Form of government that rules by the use of information

In futurology, cyberocracy describes a hypothetical form of government that rules by the effective use of information. The exact nature of a cyberocracy is largely speculative as, apart from Project Cybersyn, there have been no cybercratic governments; however, a growing number of cybercratic elements can be found in many developed nations. Cyberocracy theory is largely the work of David Ronfeldt, who published several papers on the theory. Some sources equate cyberocracy with algorithmic governance, although algorithms are not the only means of processing information.

==Overview==
Cyberocracy, from the roots 'cyber-' and '-cracy' signifies rule by way of information, especially when using interconnected computer networks. The concept involves information and its control as the source of power and is viewed as the next stage of the political evolution.

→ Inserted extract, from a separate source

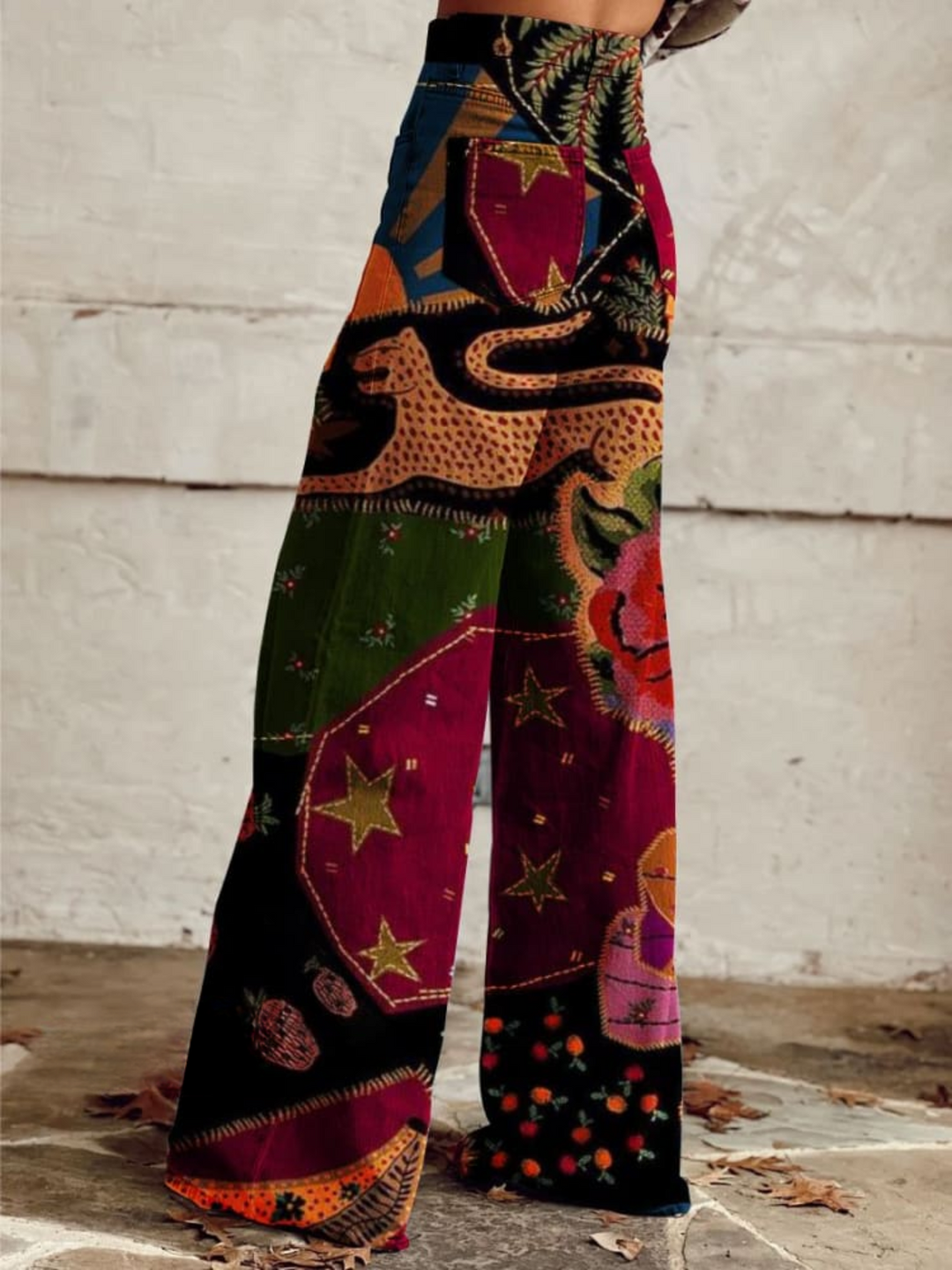 JULÉNA | Boho Vintage Broek Elegant en Comfortabel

The fundamental feature of a cyberocracy would be the rapid transmission of relevant information from the source of a problem to the people in a position able to fix said problem, most likely via a system of interconnected computer networks and automated information sorting software, with human decision makers only being called into use in the case of unusual problems, problem trends, or through an appeal process pursued by an individual. Cyberocracy is the functional antithesis of traditional bureaucracies which sometimes notoriously suffer from fiefdom, slowness, and a list of other unfortunate qualities. A bureaucracy forces and limits the flow of information through defined channels that connect discrete points while cyberocracy transmits volumes of information accessible to many different parties. In addition, bureaucracy deploys brittle practices such as programs and budgets whereas cyberocracy is more adaptive with its focus on management and cultural contexts. Ultimately a cyberocracy may use administrative AIs if not an AI as head of state forming a machine rule government.

According to Ronfeldt and Valda, it is still too early to determine the exact form of cyberocracy but that it could lead to new forms of the traditional systems of governance such as democracy, totalitarianism, and hybrid governments. Some noted that cyberocracy is still speculative since there is currently no existing cybercratic government, although it is acknowledged that some of its components are already adopted by governments in a number of developed countries.

While the outcome or the results of cyberocracy is still challenging to identify, there are those who cite that it will lead to new forms of governmental and political systems, particularly amid the emergence of new sensory apparatuses, networked society, and modes of networked governance.